40К этому меня побудило не оскорбленное тщеславие – мне действительно важно было доказать сестре, с одной стороны, как мало я дорожу своей работой, а с другой – как высоко я ценю ее мнение. Если Розалия пользовалась особым уважением и любовью нашей матери и всех сестер, то главным образом потому, что она в продолжение многих лет была отличным главой-кормильцем всей семьи. Значительное жалованье, которое она получала в качестве артистки, являлось основным фондом наших домашних расходов. Она могла претендовать на различные привилегии также и в силу своей профессии. Ее часть квартиры всегда обставлялась особенно уютно и с расчетом на соблюдение тишины, необходимой для ее занятий. В рыночные дни, когда нам всем приходилось довольствоваться более скромной пищей, лишь она одна получала обильный и питательный стол.
Но больше всего над уровнем младших членов семьи ее возвышали дружелюбная серьезность, изысканный способ выражения и нежная задумчивость настроения, почти никогда не переходившая в царивший у нас несколько шумливый тон. Я был, разумеется, тем членом семьи, который причинял наибольшее беспокойство как матери, так и по-матерински обращавшейся с нами сестре. Во время тяжелых студенческих годов ее отчужденность производила на меня большое впечатление. И когда теперь у нее опять возникли надежды на мой счет и она стала интересоваться моими занятиями, то это согрело и ободрило меня.

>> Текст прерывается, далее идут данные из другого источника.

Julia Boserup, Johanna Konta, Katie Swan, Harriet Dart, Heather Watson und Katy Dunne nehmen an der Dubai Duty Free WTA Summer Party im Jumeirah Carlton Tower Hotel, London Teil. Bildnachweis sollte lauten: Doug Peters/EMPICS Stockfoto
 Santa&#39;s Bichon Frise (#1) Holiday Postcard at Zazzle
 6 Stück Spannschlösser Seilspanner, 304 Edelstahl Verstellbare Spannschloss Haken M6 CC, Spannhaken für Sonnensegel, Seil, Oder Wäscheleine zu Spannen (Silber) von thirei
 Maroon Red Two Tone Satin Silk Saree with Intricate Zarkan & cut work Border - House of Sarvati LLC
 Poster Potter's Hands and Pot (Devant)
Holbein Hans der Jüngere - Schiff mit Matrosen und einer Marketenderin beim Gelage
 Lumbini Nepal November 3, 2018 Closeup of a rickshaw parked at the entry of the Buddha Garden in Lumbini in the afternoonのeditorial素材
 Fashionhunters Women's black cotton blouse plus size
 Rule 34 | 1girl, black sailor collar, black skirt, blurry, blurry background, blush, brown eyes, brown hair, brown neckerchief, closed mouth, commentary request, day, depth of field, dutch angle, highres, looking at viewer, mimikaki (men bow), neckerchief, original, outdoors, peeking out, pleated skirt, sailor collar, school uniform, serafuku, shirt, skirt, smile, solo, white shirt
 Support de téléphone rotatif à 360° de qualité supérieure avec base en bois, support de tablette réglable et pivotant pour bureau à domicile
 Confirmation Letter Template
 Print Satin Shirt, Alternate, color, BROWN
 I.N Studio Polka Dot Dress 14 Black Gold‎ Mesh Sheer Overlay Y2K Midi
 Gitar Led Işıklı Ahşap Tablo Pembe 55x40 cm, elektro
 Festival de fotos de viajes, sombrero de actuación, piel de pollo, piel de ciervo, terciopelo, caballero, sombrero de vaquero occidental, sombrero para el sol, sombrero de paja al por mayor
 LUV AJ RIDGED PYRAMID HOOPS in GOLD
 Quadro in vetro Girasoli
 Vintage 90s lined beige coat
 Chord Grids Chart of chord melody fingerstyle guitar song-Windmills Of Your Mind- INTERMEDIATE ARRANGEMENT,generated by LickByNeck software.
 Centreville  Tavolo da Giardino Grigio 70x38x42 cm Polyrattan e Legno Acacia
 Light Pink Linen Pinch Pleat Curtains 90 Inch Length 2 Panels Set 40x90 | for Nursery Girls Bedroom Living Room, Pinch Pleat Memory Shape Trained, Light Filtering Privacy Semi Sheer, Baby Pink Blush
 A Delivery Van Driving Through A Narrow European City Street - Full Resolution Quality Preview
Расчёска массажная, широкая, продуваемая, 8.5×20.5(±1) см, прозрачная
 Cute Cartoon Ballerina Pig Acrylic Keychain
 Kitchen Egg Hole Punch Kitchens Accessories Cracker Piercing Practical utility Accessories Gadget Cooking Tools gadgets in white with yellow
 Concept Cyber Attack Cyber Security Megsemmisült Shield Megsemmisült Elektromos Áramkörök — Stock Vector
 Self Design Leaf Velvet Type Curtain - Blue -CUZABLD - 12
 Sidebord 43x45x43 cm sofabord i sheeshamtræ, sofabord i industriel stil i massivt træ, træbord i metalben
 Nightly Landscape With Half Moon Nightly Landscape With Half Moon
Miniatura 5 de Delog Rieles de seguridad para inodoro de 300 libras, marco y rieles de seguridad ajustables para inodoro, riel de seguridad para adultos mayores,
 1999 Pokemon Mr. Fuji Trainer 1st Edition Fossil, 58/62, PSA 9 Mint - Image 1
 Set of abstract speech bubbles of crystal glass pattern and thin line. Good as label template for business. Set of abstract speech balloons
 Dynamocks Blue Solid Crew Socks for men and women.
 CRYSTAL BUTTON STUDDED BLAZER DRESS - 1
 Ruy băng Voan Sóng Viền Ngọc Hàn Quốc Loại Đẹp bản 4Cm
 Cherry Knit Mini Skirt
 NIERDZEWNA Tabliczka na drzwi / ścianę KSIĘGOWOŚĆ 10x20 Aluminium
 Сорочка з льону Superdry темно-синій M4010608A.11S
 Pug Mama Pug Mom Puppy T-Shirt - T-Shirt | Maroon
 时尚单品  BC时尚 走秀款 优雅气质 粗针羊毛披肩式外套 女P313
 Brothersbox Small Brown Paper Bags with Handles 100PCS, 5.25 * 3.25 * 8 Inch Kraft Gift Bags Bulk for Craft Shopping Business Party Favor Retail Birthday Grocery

Тот факт, что сестра, уже почти считавшая меня потерянным, начала с настоящим уважением и ожиданием следить за моими работами, явился особым дополнительным стимулом для моего самолюбия. При таких условиях во мне выработалась нежная, почти мечтательная симпатия к Розалии, и симпатия эта по своему очищающему и согревающему влиянию может быть поставлена рядом с самыми благородными отношениями между муж-чиной и женщиной. Конечно, при этом большую роль играл самый характер Розалии. Она не имела никаких особенных талантов или, вернее, таланта к театру: ее игру обыкновенно находили заученной и неестественной. И все же своей необычайно привлекательной внешностью, чистотой, достоинством и женственным благородством она завоевала расположение и внимание всех, и у меня сохранились в памяти многие доказательства, свидетельствующие о самой беззаветной преданности, с какой ей поклонялись. Однако обстоятельства никогда не складывались таким образом, чтобы подать ей надежду на более длительный союз, и, по необъяснимой для меня причине, она достигла зрелого для девушки возраста, все более теряя возможность вступить в подходящий для нее брак. Мне казалось иногда, что я подмечал выражение грусти на лице Розалии по поводу такого оборота ее судьбы.